I met today's guest through the Insight Timer app where he's a Buddhist meditation teacher.
He also has a website where he teaches MIDL meditation for anxiety.
Please welcome Steven Proctor to the podcast.
Hi Steven Proctor,
How are you?
I'm good Cassie,
It's nice to meet you.
Thank you so much for coming on and talking mindful meditation.
It is something that I personally still struggle a bit with,
Kind of that sitting still piece.
So I'm very excited to talk to you and maybe learn a little something for myself today.
Okay,
I'll give you a little tip.
You don't have to sit still.
Oh,
Fantastic,
Thank you.
It's not about fighting against your mind.
It's about developing understanding about it.
So the struggle that you feel isn't stopping you from meditating,
That's actually a teacher.
Just be curious,
Just ask why can't I sit still?
Why is it so difficult?
What's so difficult about doing nothing?
The questions I had to ask myself.
So that brings us to the meditation practice.
So MIDL stands for mindfulness in daily life.
But it's also a play on words.
If you pronounce MIDL,
It sounds like middle.
And it's pointing towards the middle way.
And the middle way or the middle path is what the Buddha described in his first meditation talk that he ever gave.
And so it's pointing towards that with middle.
Most people don't see that play on words.
It's there.
It's meant to be there.
So MIDL seeks to find that middle path,
That middle balance.
The difference between it and a lot of other mindfulness meditation practices is the understanding that seated meditation is just training for daily life.
So what we do is we use seated meditation like a gymnasium,
A place that we sit down and we do different exercises.
So we can learn skills.
Skills like being able to self-observe.
Skills like being able to soften and relax our relationship towards things.
Skills like the ability to sit and still the mind and be comfortable with nothing.
Be comfortable with no stimulation at all.
And so developing these skills when we're in seated meditation,
That means they can be brought into the real meditation.
The real meditation is being with your friends,
With your family.
The real meditation is in the workplace.
The real meditation is in COVID.
The real meditation is when things in life are out of our control.

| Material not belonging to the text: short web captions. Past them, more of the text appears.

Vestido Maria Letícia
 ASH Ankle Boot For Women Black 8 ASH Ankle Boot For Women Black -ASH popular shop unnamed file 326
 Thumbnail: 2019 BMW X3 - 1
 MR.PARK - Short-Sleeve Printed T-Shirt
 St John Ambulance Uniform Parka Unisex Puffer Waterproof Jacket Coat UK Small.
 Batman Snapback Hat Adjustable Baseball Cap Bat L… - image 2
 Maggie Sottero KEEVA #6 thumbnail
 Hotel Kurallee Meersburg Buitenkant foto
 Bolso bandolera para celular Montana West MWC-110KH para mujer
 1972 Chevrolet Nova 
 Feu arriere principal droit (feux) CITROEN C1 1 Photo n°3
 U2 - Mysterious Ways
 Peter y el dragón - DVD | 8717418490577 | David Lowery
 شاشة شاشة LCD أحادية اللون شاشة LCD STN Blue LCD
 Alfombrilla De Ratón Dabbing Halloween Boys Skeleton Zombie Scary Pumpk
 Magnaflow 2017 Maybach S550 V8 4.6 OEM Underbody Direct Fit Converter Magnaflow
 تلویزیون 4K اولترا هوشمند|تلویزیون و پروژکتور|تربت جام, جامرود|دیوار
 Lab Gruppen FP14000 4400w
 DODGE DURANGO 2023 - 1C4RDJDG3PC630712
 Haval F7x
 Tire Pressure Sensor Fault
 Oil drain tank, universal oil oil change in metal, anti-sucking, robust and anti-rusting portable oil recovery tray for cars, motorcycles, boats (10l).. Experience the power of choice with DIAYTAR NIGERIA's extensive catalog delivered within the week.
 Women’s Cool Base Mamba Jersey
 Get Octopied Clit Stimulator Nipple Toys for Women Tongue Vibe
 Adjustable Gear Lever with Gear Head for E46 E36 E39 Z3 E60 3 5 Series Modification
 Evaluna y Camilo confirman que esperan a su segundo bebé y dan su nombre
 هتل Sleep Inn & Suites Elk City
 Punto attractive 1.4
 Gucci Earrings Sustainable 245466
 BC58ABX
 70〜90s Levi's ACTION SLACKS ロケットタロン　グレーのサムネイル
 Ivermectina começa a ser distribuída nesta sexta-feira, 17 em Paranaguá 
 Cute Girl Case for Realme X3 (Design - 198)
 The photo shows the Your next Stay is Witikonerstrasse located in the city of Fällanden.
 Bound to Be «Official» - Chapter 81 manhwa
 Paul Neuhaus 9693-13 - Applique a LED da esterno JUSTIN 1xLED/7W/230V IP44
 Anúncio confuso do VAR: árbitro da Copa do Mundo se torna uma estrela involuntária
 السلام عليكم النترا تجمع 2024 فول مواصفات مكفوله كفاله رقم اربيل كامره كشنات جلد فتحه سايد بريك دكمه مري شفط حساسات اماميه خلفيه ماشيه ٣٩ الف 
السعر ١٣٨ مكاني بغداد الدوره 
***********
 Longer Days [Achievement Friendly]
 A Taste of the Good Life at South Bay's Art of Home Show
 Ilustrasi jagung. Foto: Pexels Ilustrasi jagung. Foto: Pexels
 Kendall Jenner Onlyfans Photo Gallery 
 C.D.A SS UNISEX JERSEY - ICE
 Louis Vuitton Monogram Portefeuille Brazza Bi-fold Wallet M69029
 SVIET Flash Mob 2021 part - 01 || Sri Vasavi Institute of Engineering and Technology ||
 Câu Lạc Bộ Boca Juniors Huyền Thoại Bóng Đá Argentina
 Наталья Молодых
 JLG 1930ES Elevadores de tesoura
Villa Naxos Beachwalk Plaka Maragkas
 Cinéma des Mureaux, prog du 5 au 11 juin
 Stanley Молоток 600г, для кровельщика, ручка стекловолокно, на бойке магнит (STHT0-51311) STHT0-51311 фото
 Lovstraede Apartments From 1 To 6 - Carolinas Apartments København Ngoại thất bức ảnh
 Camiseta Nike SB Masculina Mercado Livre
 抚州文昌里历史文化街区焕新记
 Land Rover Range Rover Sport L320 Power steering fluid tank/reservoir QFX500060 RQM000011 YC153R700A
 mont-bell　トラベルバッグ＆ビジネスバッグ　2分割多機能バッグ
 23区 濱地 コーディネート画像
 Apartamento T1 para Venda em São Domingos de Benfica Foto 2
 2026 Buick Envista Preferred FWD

That's where the real practice is.
So when we train those skills,
The ability to self-observe in our lives,
Developing an understanding of the mind and the heart and how the body responds within that,
We can actually learn how to decondition the mind.
That means decondition all the habitual patterns from your mind that make us feel further away from ourself and further away from others.
And also how to condition qualities of mind and heart that make us feel closer to ourself,
Closer to our family and others.
So bringing together rather than separating.
Because that's,
I think,
Kind of like you were saying earlier,
The piece that has always been more of the struggle.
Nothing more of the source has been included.